Step-by-step explanation:
When 10 mL of 5.0 M HCl is added to 1 L of water, you are essentially diluting the HCl. To calculate the pH, you need to use the equation -log[H+]. In this case, [H+] can be calculated by dividing the moles of HCl by the total volume in liters. So, the pH would be -log(0.05 M/1.01 L) which is approximately -log(0.0495) = 1.306.

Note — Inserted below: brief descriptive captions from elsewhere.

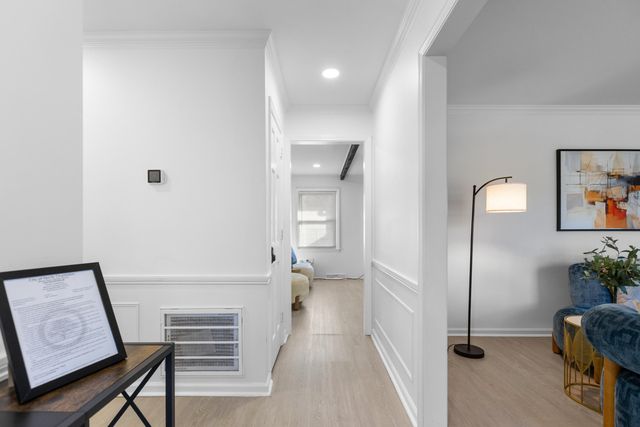 5320 Waterview Drive, North Charleston, SC 29418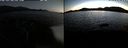 ./images/rivers-inlet/ethel/20240904/ethel20240904_204500.jpg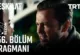 Teşkilat 156.Bölüm Fragmanı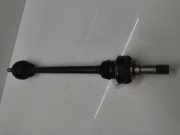Antriebswelle für Mercedes E-Klasse W213 2,0 CDI E 220 d Desel A2133502611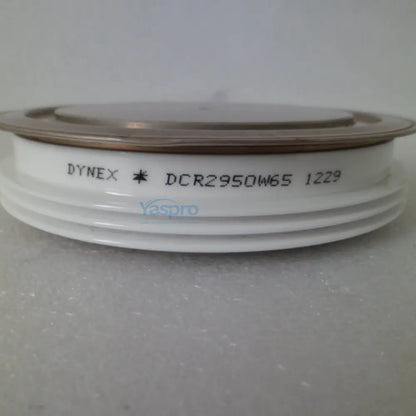 DCR2950W65 Dynex SCR Module 2950A 6500V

When 10 mL of 5 NAOH is added to 1 L of water, you are introducing OH- ions. The number of moles of OH- can be calculated by multiplying the molarity of the solution by the volume in liters. So, the moles of OH- would be (5 mol/L) * (0.01 L) = 0.05 mol. Since the OH- ions react with water to form H2O and increase the concentration of H+, the OH- acts as a base. To calculate the pH, you need to calculate the pOH using the equation -log[OH-]. In this case, the pOH would be -log(0.05 M/1.01 L) which is approximately -log(0.0495) = 1.306. The pH can be calculated by subtracting the pOH from 14, so the pH would be 14 - 1.306 = 12.694.